Away goals advantage set to be removed, Ceferin remains UEFA president
The away goals rule could be abolished from European competition, while Aleksander Ceferin remained in his role of UEFA President and the possibility of UEFA Champions League matches being played at weekends has been discussed.
As previously suggested, UEFA are edging closer to abolishing the away goals rule in continental competitions, with many well-known head coaches expressing their desire for it to be removed. Diego Simeone, the manager of Atletico Madrid, revealed his position against the added value of away goals, and his opinion was supported by the likes of Carlo Ancelotti and Thomas Tuchel.
According to German publication Kicker, UEFA will soon take the formal decision to scrap the advantage of away goals in the UEFA Champions League, UEFA Europa League, European Qualifiers and UEFA Nations League. The amendment to the rules and regulations will have a large effect on how knockout fixtures unfurl.
CEFERIN REMAINS UEFA PRESIDENT
Aleksander Ceferin, who has been at the UEFA helm since Michel Platini departed in September 2016, will remain in his role of President until 2023. UEFA confirmed the development with this following statement:
“Aleksander Ceferin has been formally re-elected as UEFA President for a new term (2019-2023). Congratulations, Mr. Ceferin!”
POSSIBILITY OF UCL ON WEEKENDS
At a recent meeting between the European Club Association (ECA) and UEFA, the possibility of moving Champions League matches to the weekend was discussed, and reports suggest the proposal is likely to go through.
Stories in the media stated that there is the chance that Champions League games could be moved from Tuesday/Wednesday to Saturday/Sunday in time for the 2021/2022 season.
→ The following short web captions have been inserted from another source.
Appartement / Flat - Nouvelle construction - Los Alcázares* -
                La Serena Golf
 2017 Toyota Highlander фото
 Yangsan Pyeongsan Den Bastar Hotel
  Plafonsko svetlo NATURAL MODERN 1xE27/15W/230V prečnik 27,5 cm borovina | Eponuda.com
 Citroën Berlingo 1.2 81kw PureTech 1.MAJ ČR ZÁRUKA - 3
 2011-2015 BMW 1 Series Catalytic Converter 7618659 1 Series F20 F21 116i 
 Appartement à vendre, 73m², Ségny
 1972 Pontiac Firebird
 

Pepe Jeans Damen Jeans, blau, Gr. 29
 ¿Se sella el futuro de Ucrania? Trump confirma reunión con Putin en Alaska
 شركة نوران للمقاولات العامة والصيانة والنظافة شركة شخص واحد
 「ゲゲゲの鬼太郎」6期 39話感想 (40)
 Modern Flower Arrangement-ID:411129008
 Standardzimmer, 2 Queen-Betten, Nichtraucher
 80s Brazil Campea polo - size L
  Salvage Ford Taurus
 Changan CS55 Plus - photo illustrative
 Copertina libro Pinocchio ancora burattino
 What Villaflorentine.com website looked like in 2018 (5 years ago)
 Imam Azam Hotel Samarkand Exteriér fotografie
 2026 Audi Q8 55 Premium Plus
It’s not yet clear how that would affect domestic European leagues.
INFANTINO TO CONTINUE AS FIFA LEADER
On June 5, the FIFA Presidential Election will take place in Paris, however there is only one candidate for the post.
Gianni Infantino initially became FIFA President in February 2016 and he will remain in charge of world football’s governing body for at least another four years. He won’t face any opposition at June’s elections in France.